EU, Gambia to provide D14.6M for food crisis
Wednesday, April 25, 2012
The European Union (EU) in collaboration with the government of The Gambia, agreed on Wednesday 11th April, to release GMD14.6M (365, 000 Euros) to the World Food Programme (WFP), as part of the rapid response to the food crisis in the country, its monthly [April] newsletter edition disclosed.
“The funds will be used to purchase 1300 tons of food and will be focused on the country’s 19 most vulnerable districts, notably the Central River Region. The funds have been allocated from the European Commission STABEX scheme [now expired], which was originally designed to compensate ACP countries for falls in export revenue,” it stated.

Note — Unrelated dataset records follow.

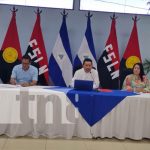 Nicaragua proyecta educación con políticas modernas de enseñanza Foto: Conferencia de prensa del MINED en Nicaragua / TN8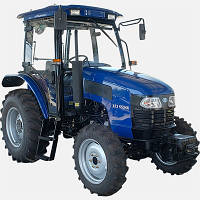 Трактор ДТЗ 5504К (50 л.с.,4 цил., 4х4, ГУР, КПП 12+12, кабіна с опаленням)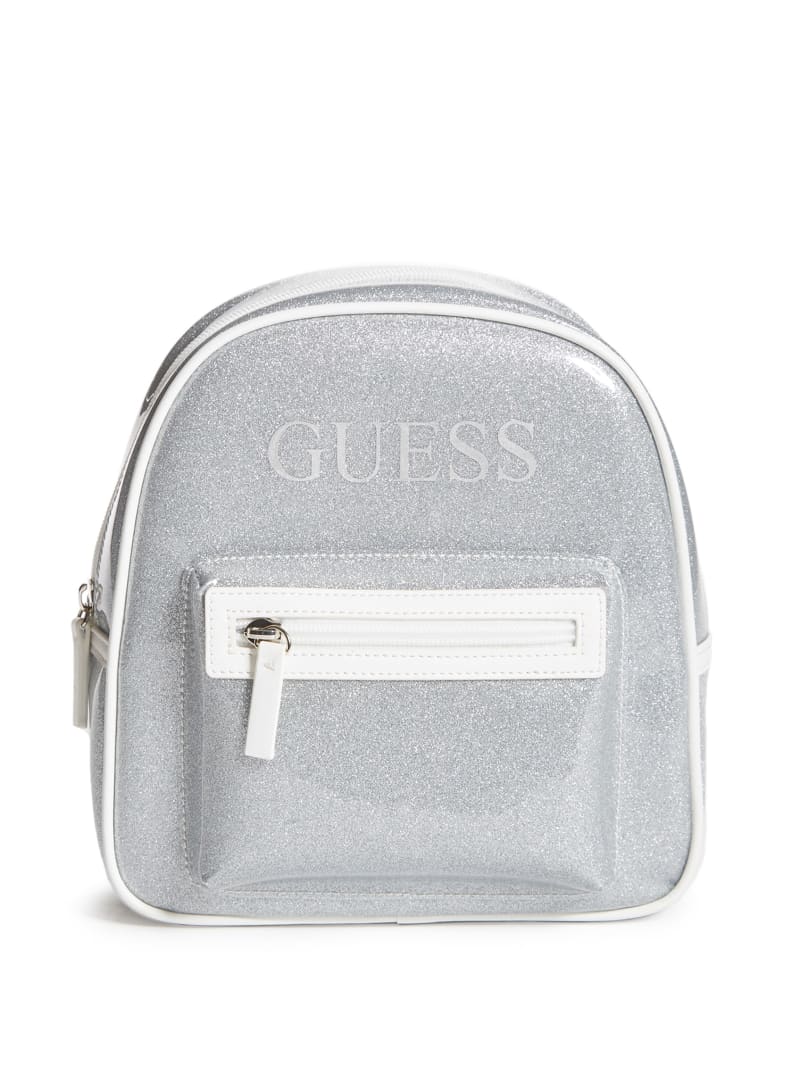 Sparkle Jelly Backpack GUESS Factory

Since crop failure was officially declared by The Gambia government in March, it has launched a broad appeal for assistance both within and outside to respond to the imminent crisis. It received positive response from various concerned actors, notably the Republic of China on Taiwan that provided the sum of US$3 million to The Gambia to buy 2,300 metric tons of seeds and import 1,360 metric tons of fertilizer to help the country ride out of the food shortage that resulted from last year’s crop failure. The Action Aid International, The Gambia and the World Food Programme (WFP) have both shown commitment to deal with the crisis.
Also prominent was the cash donation by the former president of the Republic of The Gambia, Alhaji Sir Dawda Kairaba Jawara, who gave his month salary of D50, 000, to a fund set up to by government deal with the situation.
The government of The Gambia through the Office of the Minister of Agriculture, it would be recalled, had in March declared 2011-2012 farming season a failure resulting from severe crop failures and a corresponding soaring of food prices.
In that release dispatched to the media institutions including the Daily Observer, the Ministry of Agriculture said the post-harvest assessment of the 2011 farming season, which was characterised by below normal and poorly distributed rainfall, indicated a reduction in total crop production of more than 70%.